For each even number, we check if it can be formed using the digits from the input array. We do this by:

  • Extracting Digits: We break down the current even number into its individual digits.
  • Comparing Frequencies: For each digit, we compare its frequency in the current number with its frequency in the digits array. If the frequency of any digit in the number exceeds its frequency in digits, we know this number cannot be formed and move to the next even number.

4. Building the Result:

If all digits of the current even number are available (based on the frequency check in step 3), we add the number to our result array.

5. Sorting and Returning:

Finally, we sort the resulting array of even numbers and return it. Sorting is necessary to meet the problem's requirement of returning a sorted array.

Time and Space Complexity Analysis

  • Time Complexity: The dominant factor is the loop iterating through even numbers from 100 to 999. There are approximately 450 such numbers. For each number, we extract digits (constant time) and perform a frequency check (constant time). Therefore, the overall time complexity is O(N), where N is approximately 450 (the number of 3-digit even numbers). This is effectively constant time since N is a relatively small fixed number.

  • Space Complexity: The space used is primarily for storing the digit counts (cnt array or Counter) and the resulting array of even numbers (ans). The size of the cnt array is constant (10). The size of ans is at most 450. Therefore, the space complexity is O(1) (constant space), since the space used does not grow with the input size.

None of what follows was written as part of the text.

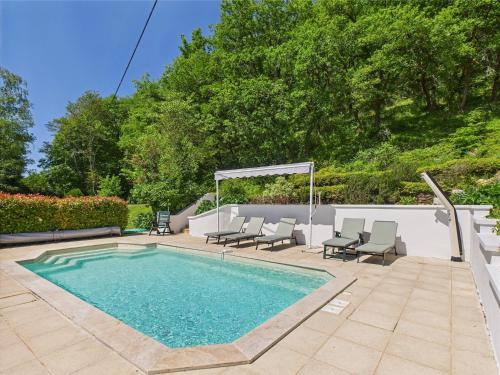 Villa 'Le Roc' pour 11, jardin et piscine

Code Examples (with detailed comments)

Python:

from collections import Counter
 
class Solution:
    def findEvenNumbers(self, digits: List[int]) -> List[int]:
        # Count the frequency of each digit
        digit_counts = Counter(digits)
        result = []
 
        # Iterate through 3-digit even numbers
        for num in range(100, 1000, 2):
            num_str = str(num)  # Convert to string for easy digit extraction
            num_counts = Counter(num_str)  # Count digit frequencies in current number
 
            # Check if all digits are available
            can_form = True
            for digit in num_counts:
                if num_counts[digit] > digit_counts[int(digit)]:
                    can_form = False
                    break
 
            # Add to result if formable
            if can_form:
                result.append(num)
 
        return sorted(result)  # Return sorted result

The other languages (Java, C++, Go, TypeScript, JavaScript) follow a very similar structure, differing only in syntax. The core logic of counting digit frequencies, iterating through even numbers, checking availability, and building/sorting the result remains consistent across all implementations.